今年の3月に任期を終えた瀬戸臨海実験所元JSPS特別研究員の諏訪僚太さんが、在任中に行った共同研究の論文が新たに出版されました。
Ryota Suwa, Masayoshi Hatta and Kazuhiko Ichikawa (2014)

Proton dynamic and material energetic control on calcification and decalcification

Chemistry, DOI:10.1002/chem.201402210

  本論文は、サンゴなどの石灰化生物の石灰化はこれまで考えられてきた炭酸イオンCO32-とカルシウムイオンCa2+による沈殿/溶解の物理的可逆反応よりも、存在量の多い炭酸水素イオンHCO3とカルシウムイオンCa2+による石灰化/脱石灰化の可逆的酸解離反応から起こっている可能性を炭酸系イオンの溶解したNaCl溶液への強酸・アルカリ滴定実験や熱力学におけるギブスの自由エネルギーの解析により検証しています。また、酸性環境下における造礁サンゴの1種コユビミドリイシAcropora digitifera稚個体の骨格形成部位のpH低下量についても暴露実験を用いた骨格重量と海水のpH及びCO2濃度の変化を用いた解析によって推定しています。 

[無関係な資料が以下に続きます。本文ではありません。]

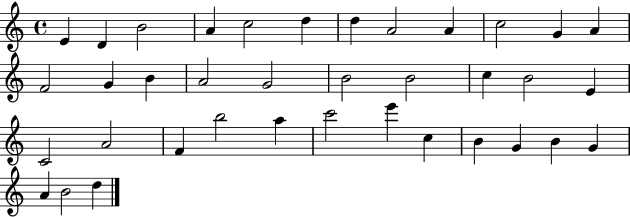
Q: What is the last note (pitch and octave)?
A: D5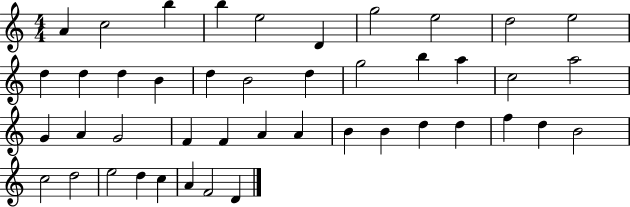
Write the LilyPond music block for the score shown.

{
  \clef treble
  \numericTimeSignature
  \time 4/4
  \key c \major
  a'4 c''2 b''4 | b''4 e''2 d'4 | g''2 e''2 | d''2 e''2 | \break d''4 d''4 d''4 b'4 | d''4 b'2 d''4 | g''2 b''4 a''4 | c''2 a''2 | \break g'4 a'4 g'2 | f'4 f'4 a'4 a'4 | b'4 b'4 d''4 d''4 | f''4 d''4 b'2 | \break c''2 d''2 | e''2 d''4 c''4 | a'4 f'2 d'4 | \bar "|."
}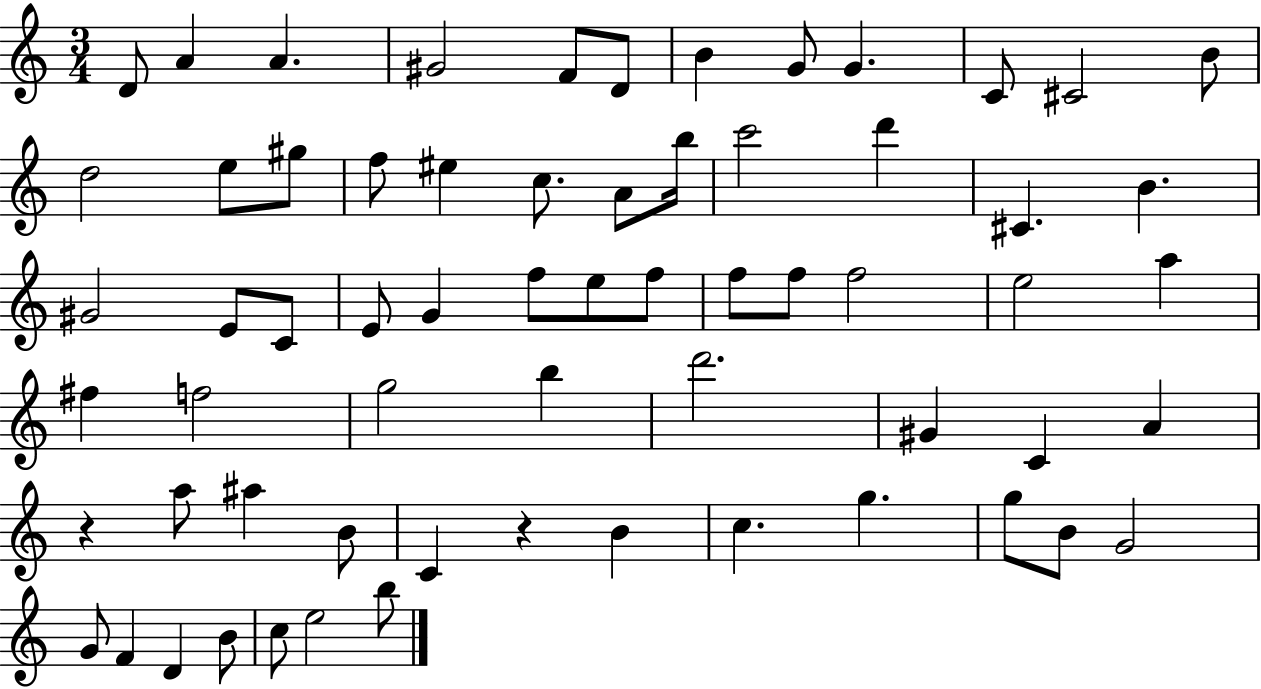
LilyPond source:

{
  \clef treble
  \numericTimeSignature
  \time 3/4
  \key c \major
  d'8 a'4 a'4. | gis'2 f'8 d'8 | b'4 g'8 g'4. | c'8 cis'2 b'8 | \break d''2 e''8 gis''8 | f''8 eis''4 c''8. a'8 b''16 | c'''2 d'''4 | cis'4. b'4. | \break gis'2 e'8 c'8 | e'8 g'4 f''8 e''8 f''8 | f''8 f''8 f''2 | e''2 a''4 | \break fis''4 f''2 | g''2 b''4 | d'''2. | gis'4 c'4 a'4 | \break r4 a''8 ais''4 b'8 | c'4 r4 b'4 | c''4. g''4. | g''8 b'8 g'2 | \break g'8 f'4 d'4 b'8 | c''8 e''2 b''8 | \bar "|."
}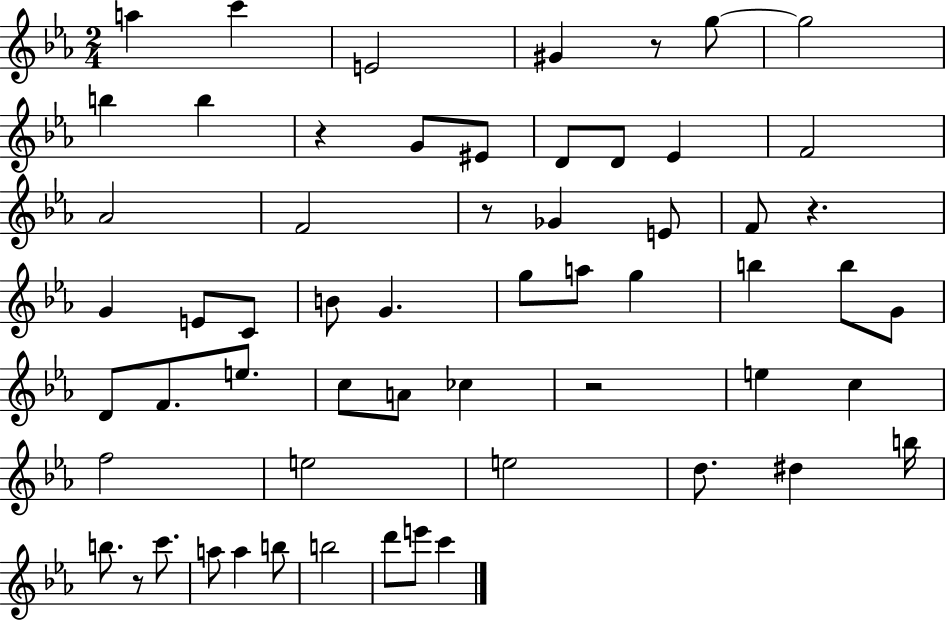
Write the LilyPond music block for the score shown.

{
  \clef treble
  \numericTimeSignature
  \time 2/4
  \key ees \major
  a''4 c'''4 | e'2 | gis'4 r8 g''8~~ | g''2 | \break b''4 b''4 | r4 g'8 eis'8 | d'8 d'8 ees'4 | f'2 | \break aes'2 | f'2 | r8 ges'4 e'8 | f'8 r4. | \break g'4 e'8 c'8 | b'8 g'4. | g''8 a''8 g''4 | b''4 b''8 g'8 | \break d'8 f'8. e''8. | c''8 a'8 ces''4 | r2 | e''4 c''4 | \break f''2 | e''2 | e''2 | d''8. dis''4 b''16 | \break b''8. r8 c'''8. | a''8 a''4 b''8 | b''2 | d'''8 e'''8 c'''4 | \break \bar "|."
}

実験の結果、海洋酸性化がサンゴなどの石灰化に及ぼす影響は炭酸イオン濃度の低下によるものでは無く、pH低下(プロトンの増加)によって石灰化/脱石灰化の化学反応Ca2+ + HCO3 CaCO3 + H+において脱石灰化側に平衡が寄ることで引き起こされていることや、CO2排出が多くなる産業革命以前と西暦2100年の海洋のCO2濃度条件ではサンゴ反口側外胚葉下部の石灰化部位に約-0.3pH低下が生じている可能性が示唆されました。 

ミドリイシ属サンゴの群落。沖縄県渡嘉敷島水深5m。

本研究はお茶の水大学、北海道大学との共同研究になります。また、この研究は瀬戸臨海実験所所長の白山先生から北海道大学名誉教授の市川先生を紹介して頂いたことに端を発した研究になります。白山先生、有り難うございました。